Enterprise Products Reports Record Results for 2014

HOUSTON–(BUSINESS WIRE)–Jan. 29, 2015– Enterprise Products Partners L.P. (“Enterprise”) (NYSE:EPD) today announced its financial results for the three months and year ended December 31, 2014.

For the year ended 2014, Enterprise reported a record $5.3 billion in gross operating margin, a 9.7 percent increase over 2013. Distributable cash flow increased to $4.1 billion for 2014, an 8.8 percent increase compared to 2013. Distributions declared with respect to 2014 were $1.45 per unit, a 5.8 percent increase compared to 2013. Distributable cash flow for 2014 provided 1.5 times coverage of the distributions declared with respect to 2014 and enabled Enterprise to retain $1.4 billion of distributable cash flow to reinvest in the growth of the partnership.

“Enterprise reported another record year in 2014,” stated Michael A. Creel, chief executive officer of Enterprise’s general partner. “Our results were driven by volume growth in our fee-based businesses. Enterprise reported record volumes of 5.3 million barrels per day for its NGL, crude oil, refined products and petrochemical pipelines, 824 thousand barrels per day for its NGL fractionators and 4.8 billion cubic feet per day of fee-based natural gas processing volumes for 2014.”

“Our successes included the completion of $4.1 billion of organic growth projects that began commercial operations and contributed new sources of cash flow during 2014. These projects include our ATEX, Front Range and Seaway loop pipelines, as well as the first segment of our Aegis ethane pipeline. We also developed new projects that are currently under construction such as our ethane export terminal and South Eddy natural gas gathering and processing facilities,” said Creel.

“Another significant accomplishment was our $4.6 billion acquisition of general partner and limited partner interests inOiltanking Partners, L.P. This transaction extends and broadens Enterprise’s midstream services business by enhancing the partnership’s access to waterborne markets and increases its crude oil and petroleum products storage capacity. Our ownership in Oiltanking Partners provides new avenues for growth and secures marine terminal assets that are important to several of our businesses,” stated Creel.

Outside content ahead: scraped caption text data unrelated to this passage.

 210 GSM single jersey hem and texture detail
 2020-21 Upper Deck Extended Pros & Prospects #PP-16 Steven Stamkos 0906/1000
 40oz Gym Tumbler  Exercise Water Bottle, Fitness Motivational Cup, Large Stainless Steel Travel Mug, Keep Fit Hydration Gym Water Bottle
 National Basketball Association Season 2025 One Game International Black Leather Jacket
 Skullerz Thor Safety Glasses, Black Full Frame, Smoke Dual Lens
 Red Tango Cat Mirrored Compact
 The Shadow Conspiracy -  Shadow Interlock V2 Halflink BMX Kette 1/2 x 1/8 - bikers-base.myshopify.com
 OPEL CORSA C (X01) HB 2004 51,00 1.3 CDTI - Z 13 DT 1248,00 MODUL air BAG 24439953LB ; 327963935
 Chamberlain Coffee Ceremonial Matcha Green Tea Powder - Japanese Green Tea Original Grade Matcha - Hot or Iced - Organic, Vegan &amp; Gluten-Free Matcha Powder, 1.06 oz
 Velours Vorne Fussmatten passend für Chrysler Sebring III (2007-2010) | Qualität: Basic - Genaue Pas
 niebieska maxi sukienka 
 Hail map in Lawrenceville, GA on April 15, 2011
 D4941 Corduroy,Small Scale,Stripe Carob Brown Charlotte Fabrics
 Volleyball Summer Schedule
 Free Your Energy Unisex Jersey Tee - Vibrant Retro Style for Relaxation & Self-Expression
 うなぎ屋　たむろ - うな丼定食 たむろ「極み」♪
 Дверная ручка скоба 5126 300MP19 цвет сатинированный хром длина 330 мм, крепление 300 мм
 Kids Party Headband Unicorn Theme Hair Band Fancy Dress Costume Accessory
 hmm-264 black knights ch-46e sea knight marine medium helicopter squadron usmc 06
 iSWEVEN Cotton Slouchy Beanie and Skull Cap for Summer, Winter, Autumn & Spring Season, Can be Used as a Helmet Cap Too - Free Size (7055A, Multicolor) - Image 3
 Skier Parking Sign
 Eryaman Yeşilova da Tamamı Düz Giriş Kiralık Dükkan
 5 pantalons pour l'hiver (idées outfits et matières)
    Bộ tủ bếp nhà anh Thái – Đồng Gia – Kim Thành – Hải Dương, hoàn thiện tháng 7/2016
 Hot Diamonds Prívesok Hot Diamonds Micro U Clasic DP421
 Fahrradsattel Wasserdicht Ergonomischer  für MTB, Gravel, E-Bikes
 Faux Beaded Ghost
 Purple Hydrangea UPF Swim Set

“As we begin 2015, the energy sector is entering another commodity price cycle. We believe that Enterprise is well positioned to manage, adapt and prosper through this cycle. Our businesses are diversified and primarily fee-based. We enter 2015 with financial flexibility: $4.2 billion of liquidity; leverage consistent with our BBB+/Baa1 investment grade debt ratings; and healthy distribution coverage. We have over $6 billion of projects that will begin operations over the next two years and support continued distribution growth,” concluded Creel.